Dzieci są świetnie skontaktowane ze sobą, zintegrowane. Wiedzą i z całą mocą pokazują czego chcą, czego nie, co jest dla nich ważne, co im sprawia radość. Bardzo łatwo odczytać z ich postawy, mimiki, tonu głosu aktualny stan emocjonalny. W miarę dorastania uczą się powściągać okazywanie tego, co czują i jednocześnie tracą kontakt z tym, co w nich żywe, prawdziwe. Wystarczy spojrzeć na słownik dorosłego dotyczący uczuć. Na co dzień do opisania samopoczucia używamy kilku słów: fajnie, dobrze, źle, wesoły, smutny, zły, zazdrosny. Kiedy sama po raz pierwszy dostałam do ręki przykładową listę uczuć, a na niej widniało pięćdziesiąt słów na wyrażenie samych pozytywnych wrażeń, pomyślałam sobie: jak to możliwe, że uczę się terminów określających rzeczywistość, systemy, a słownik dotyczący mnie samej, mojej psychiki, moich wewnętrznych przeżyć jest tak ograniczony? Jak mam porozumieć się z innymi w satysfakcjonujący sposób, kiedy sama do końca nie rozumiem siebie, nie umiem opisać, co się ze mną dzieje?
Komunikowanie uczuć
W Porozumieniu bez Przemocy emocje odgrywają kluczową rolę, są nazwane „dziećmi potrzeb”. Tak jak maluch ciągnie za rękę mamę lub tatę mówiąc: „ja chcę iść tam”, „to lubię”, „to mi się nie podoba”, tak też uczucia mówią nam o tym, jaka ważna potrzeba jest w tym momencie spełniona lub nie. Trudne, przykre uczucia jak np. strach, wstyd, złość, zazdrość są dla nas informacją, że coś istotnego w nas domaga się zaspokojenia. Gniewamy się, kiedy ktoś nie bierze pod uwagę naszego zdania lub ogranicza nasze działania. Boimy się w sytuacji zagrożenia, smucimy, kiedy coś zgubiliśmy i okazujemy złość na widok braku poszanowania naszych granic. Natomiast miłe uczucia: euforia, zachwyt, nadzieja, wdzięczność, spokój pojawiają się, kiedy istotna dla nas sprawa została pomyślnie zakończona. Kluczową rzeczą jest sposób wyrażania naszych emocji. Zamiast krzyknąć we wzburzeniu: „Ty idioto, znów przeoczyłeś ważną informację!”, mogę z oburzeniem powiedzieć: „Jestem rozczarowany i zawiedziony widząc tak sformułowaną umowę!”. Jedno i drugie zdanie jest wysycone emocjami. Pierwsze jest niepochlebną oceną osoby, z którą rozmawiamy, drugie mówi o tym, co się z nami dzieje. Różnica istotna mająca wpływ na to, jak rozmowa się potoczy i do jakich wniosków dojdą rozmówcy, czy w ogóle nawiążą porozumienie.

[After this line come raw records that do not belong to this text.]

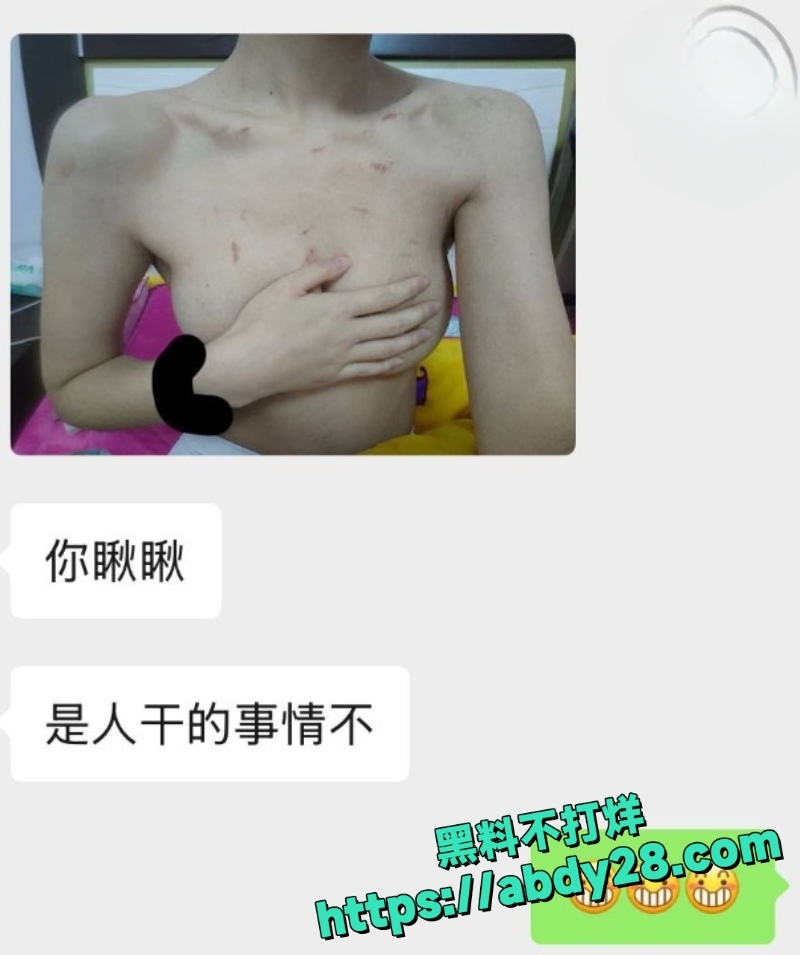 海角精选纯爱藏黄刀贴1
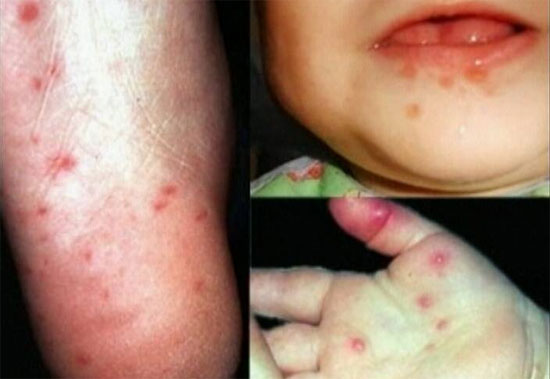 Trung Quốc tuyên bố chế được vắc-xin bệnh tay-chân-miệng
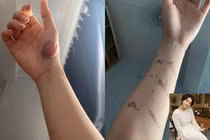 Hot girl người Tày lần đầu nói về vết thương chằng chịt trên tay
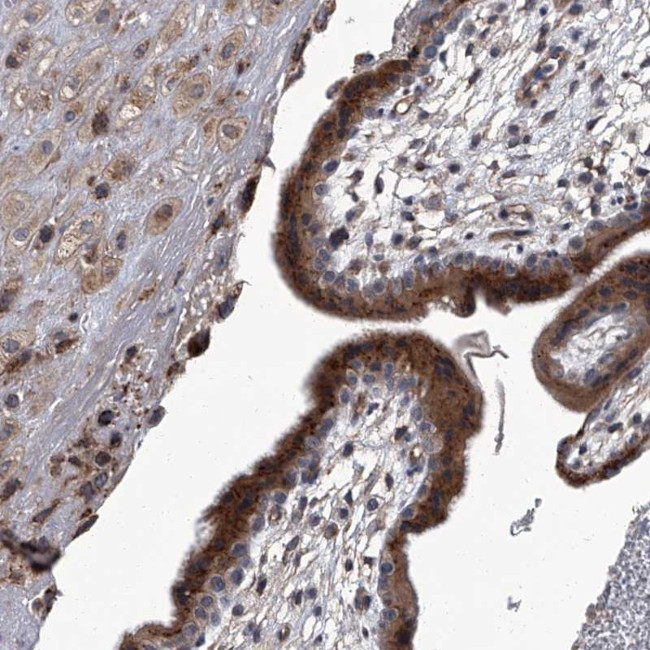 SIRT4 Antibody in Immunohistochemistry (Paraffin) (IHC (P))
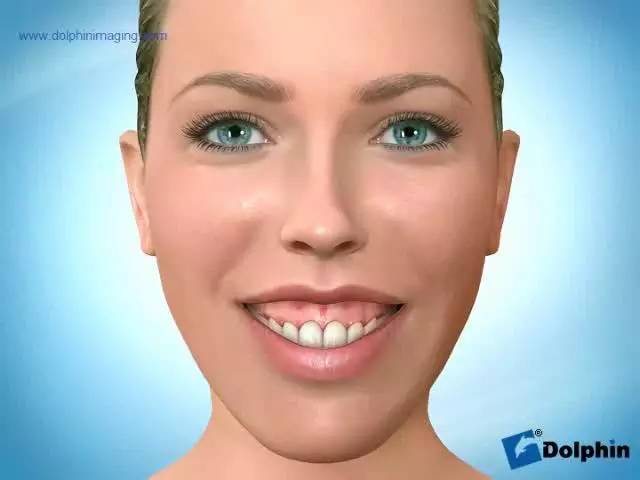 笑露牙龈怎么整,笑露牙龈怎么矫正训练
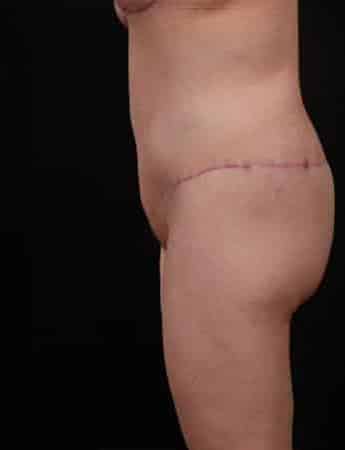 After Image: Body Lift - left-side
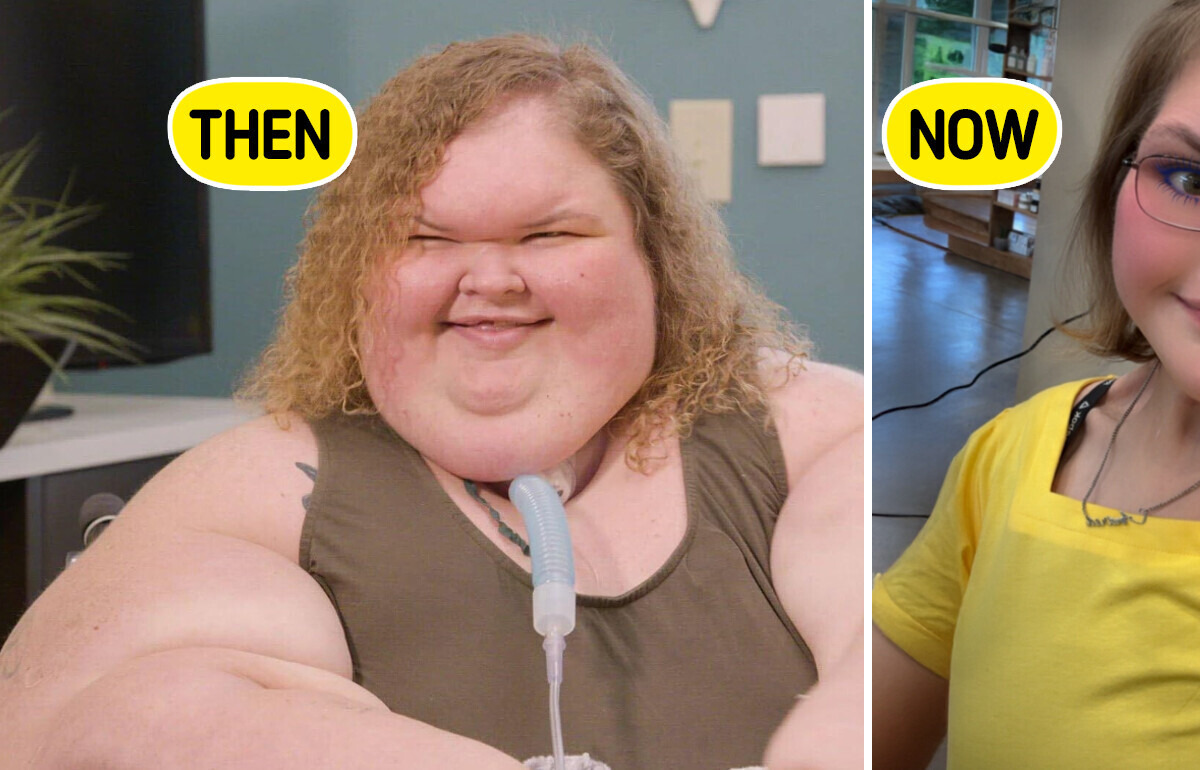 “1,000-lb Sisters” Star Reveals Remarkable 400-Pound Weight Loss and Skin Surgery “1,000-lb Sisters” Star Reveals Remarkable 400-Pound Weight Loss and Skin Surgery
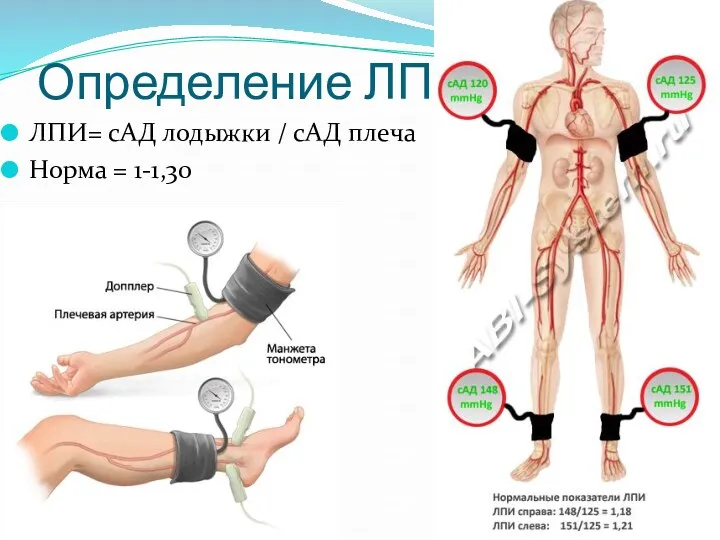 Определение ЛПИ ЛПИ= сАД лодыжки / сАД плеча Норма = 1-1,30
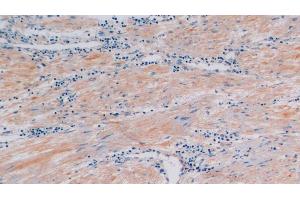 Detection of CTXI in Human Prostate Tissue using Polyclonal Antibody to Cross Linked C-Telopeptide Of Type I Collagen (CTXI) (CTX-I antibody)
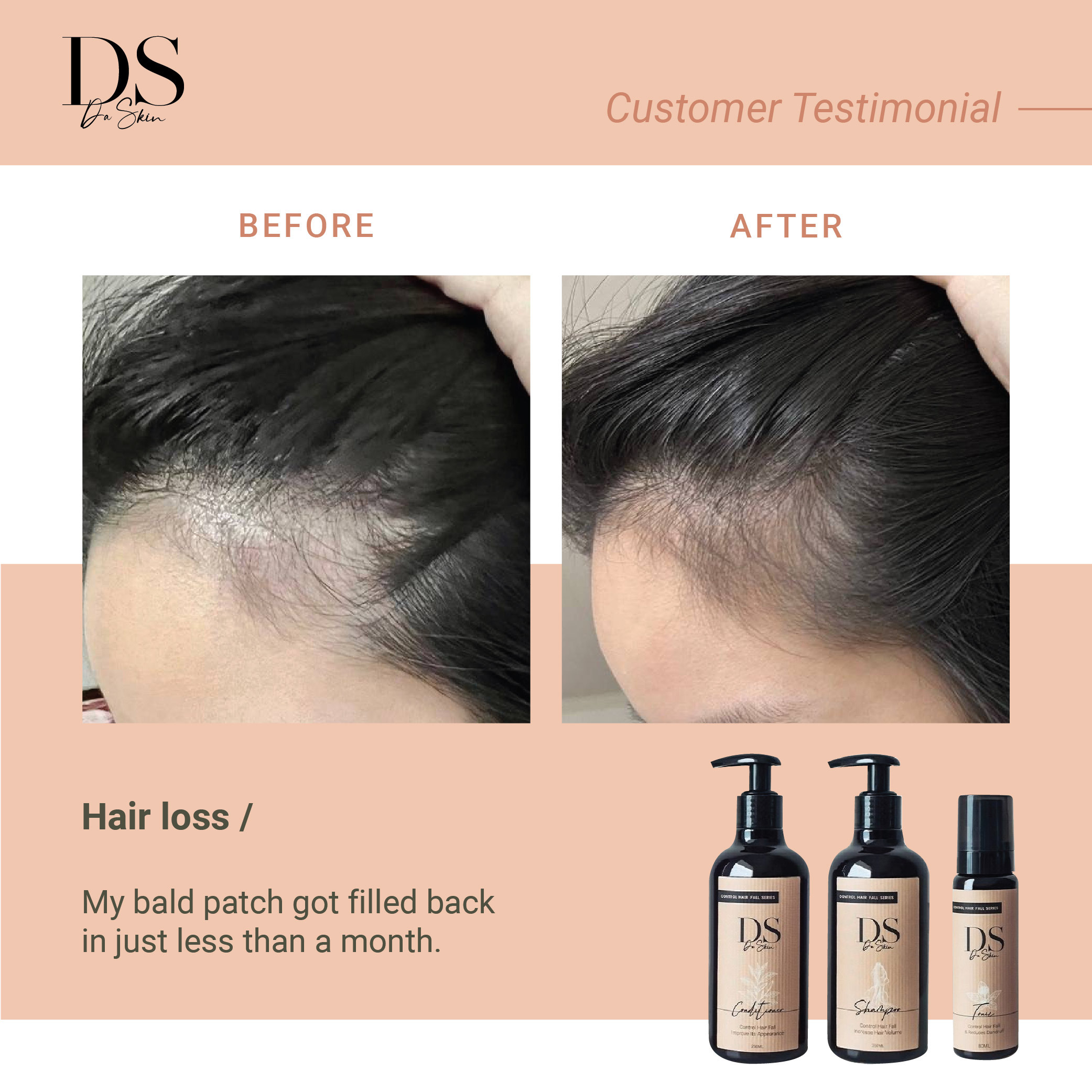 Before _ After_web-11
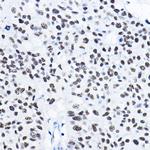 HDAC1 Antibody in Immunohistochemistry (Paraffin) (IHC (P))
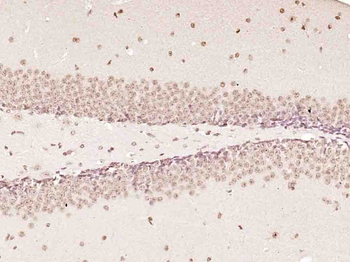 MED4 Rabbit Polyclonal Antibody
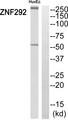 ZNF292 Antibody - Western blot analysis of extracts from HuvEc cells, using ZNF292 antibody.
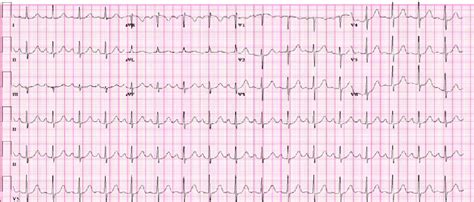 Initial ECG of the patient showing sinus tachycardia | Download Scientific Diagram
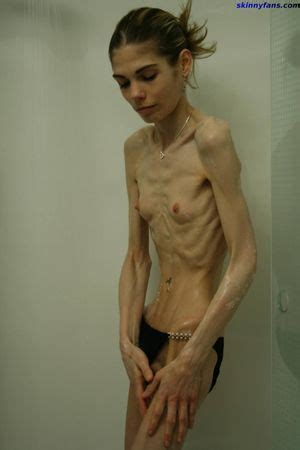 Anorexic Nudes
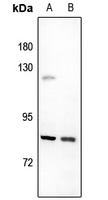 UTP14A Rabbit Polyclonal Antibody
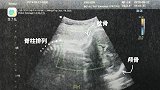 孕期日记vlog28.1——1级B超检查，我宝宝头有点大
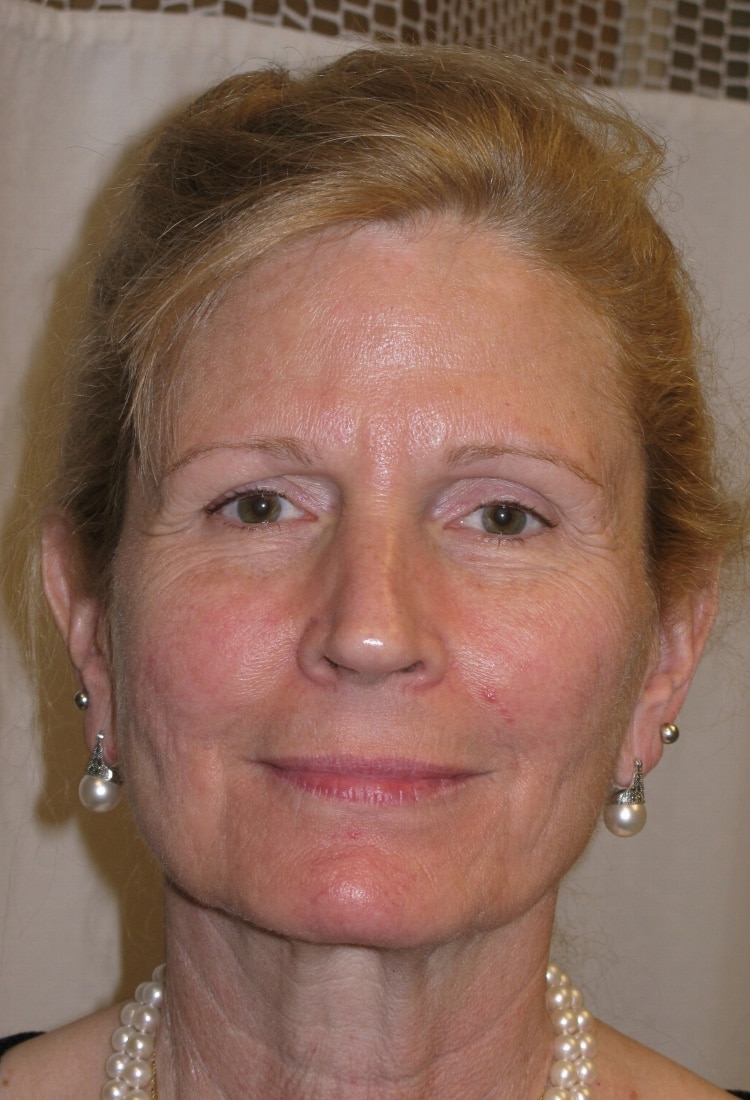 Before Image: Face & Neck Lift, and Browlift - front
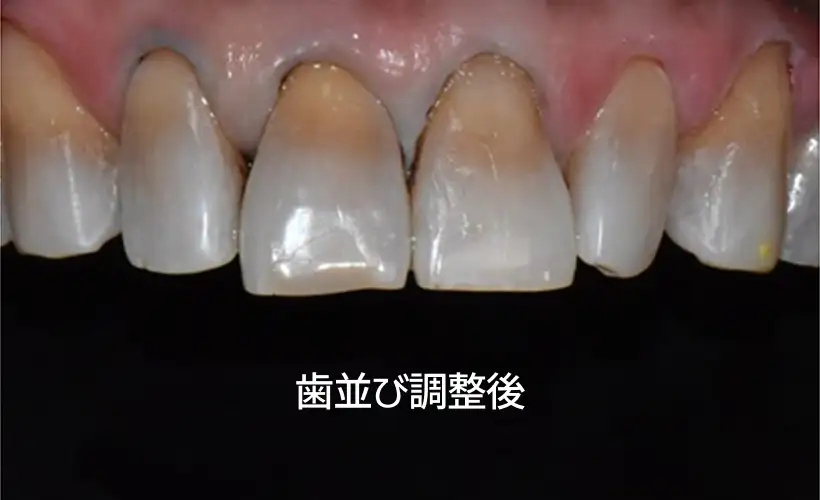 ミニッシュによる歯の保存治療
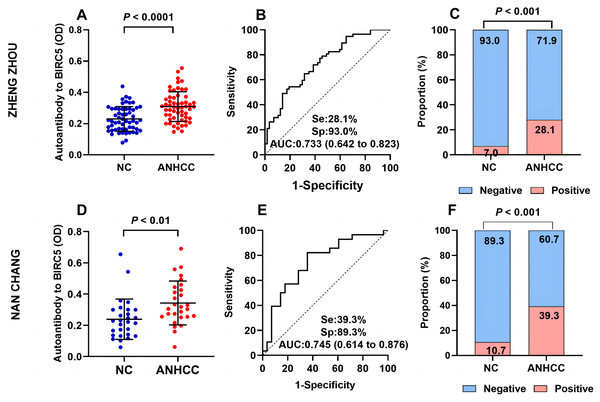 Multi-center validation of anti-BIRC5 autoantibodies.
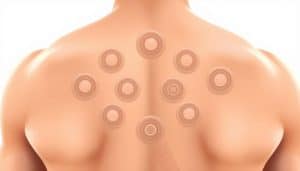 Cupping Therapy Marks Explanation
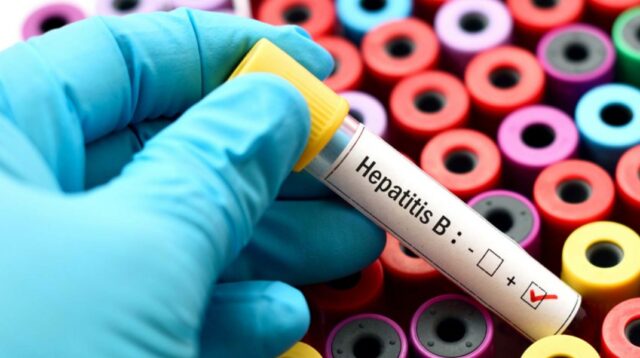 Ini Gejala Hepatitis Akut Misterius pada Anak, Cara Pencegahan, dan Penanganan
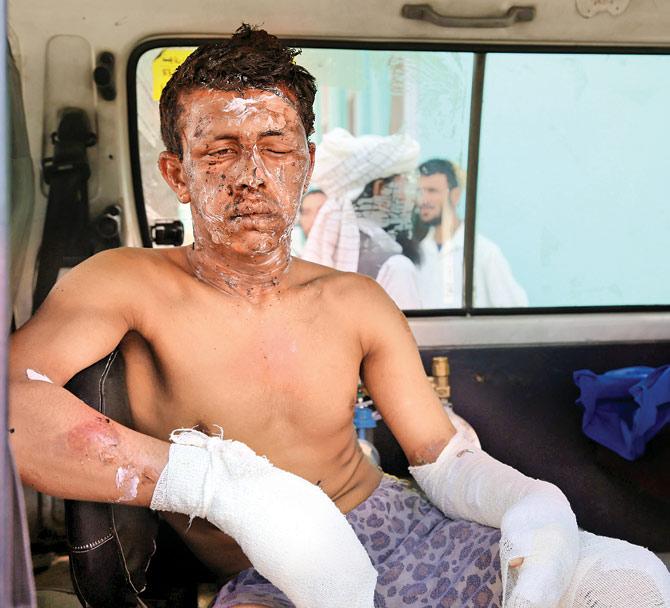 One of the injured after he was given first aid treatment. Pic/AFP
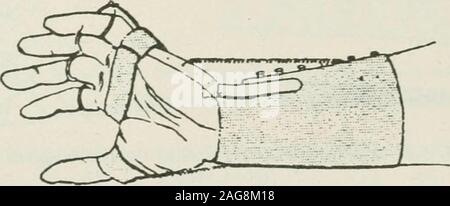 . Terapia medico-chirurgica. Fig. 37.-Apparecchio per permanente muscolo-spirale paralisi seenfrom la superficie superiore. (Froment e Muller,) punto fisso nell'apparecchiatura che si opporrà itstendency a goccia, anche durante lo sforzo e quando theobject afferrato è pesante. * Può essere una molla di estensori di alimentare tale desideratum ?Per questo dobbiamo rispondere in senso negativo. . In tal modo. Fig. 38.-Lo stesso visto dalla superficie inferiore. è stato riscontrato che alcuni operai prendono off theirappliance a lavorare. In opposizione distinti per gli apparecchi progettati conla oggetto della ri-educare le parti, abbiamo qui tosupplement sp Foto Stock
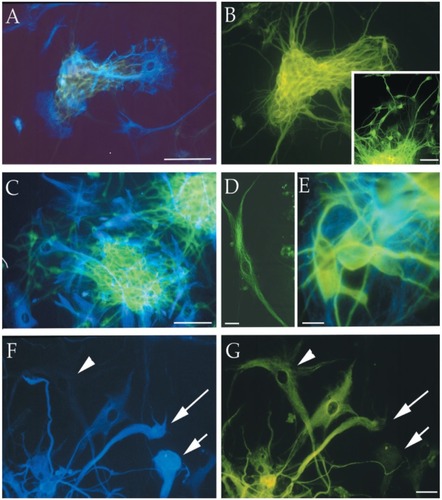 Figure 4 Immunofluorescence photomicrographs of representative MC-PL clones derived from different cortical glial tumor specimens (T1–T3, T6, and T7) processed for double (A, B, C, E, F) or single (B inset, D) labeling for different neural markers. The cells positive for the neuronal marker β-III tubulin are stained green (FITC), and the cells that expressed the astroglial marker GFAP are stained blue (AMCA). The arrowhead in F points out a cell that is not labeled for GFAP, but is immunopositive for β-III tubulin (arrowhead in G). The short arrow in F points out a cell that is immunolabeled for GFAP, but immunonegative for β-III tubulin (short arrow in G). The long arrow in F and G points out a cell that is labeled with both immunomarkers. Scale bars are 10 μm (F and G) and 100 μm (A–E). Copyright © 2002. CitationIgnatova T, Kukekov V, Laywell E, et al. 2002. Human cortical glial tumors contain neural stem-like cells expressing astroglial and neuronal markers in vitro. Glia, 39:193–206.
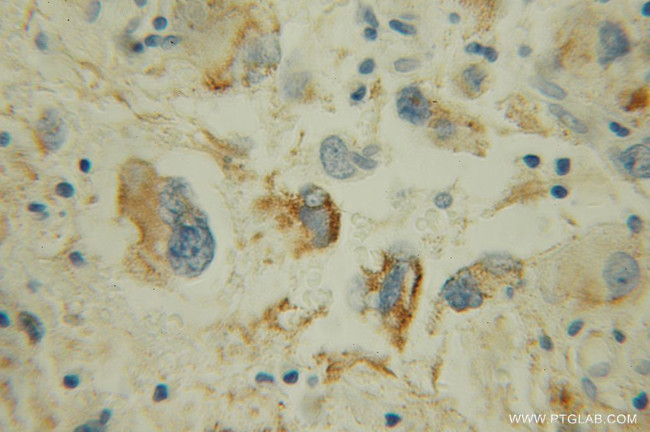 MAOB Antibody in Immunohistochemistry (Paraffin) (IHC (P))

Za każdym razem, kiedy zdam sobie sprawę, co się ze mną dzieje w reakcji na to, co widzę i słyszę, mogę to wyrazić bez oskarżania kogokolwiek. Niezwykle pomocna jest świadomość ciała, wysyłającego nieustannie sygnały, będące reakcją układu nerwowego na to, co mnie spotyka. Stąd ćwiczenia świadomości ciała, uważności mogą w dalszej perspektywie przynieść pozytywne efekty w sferze relacji z innymi, wpłynąć na lepszą komunikację.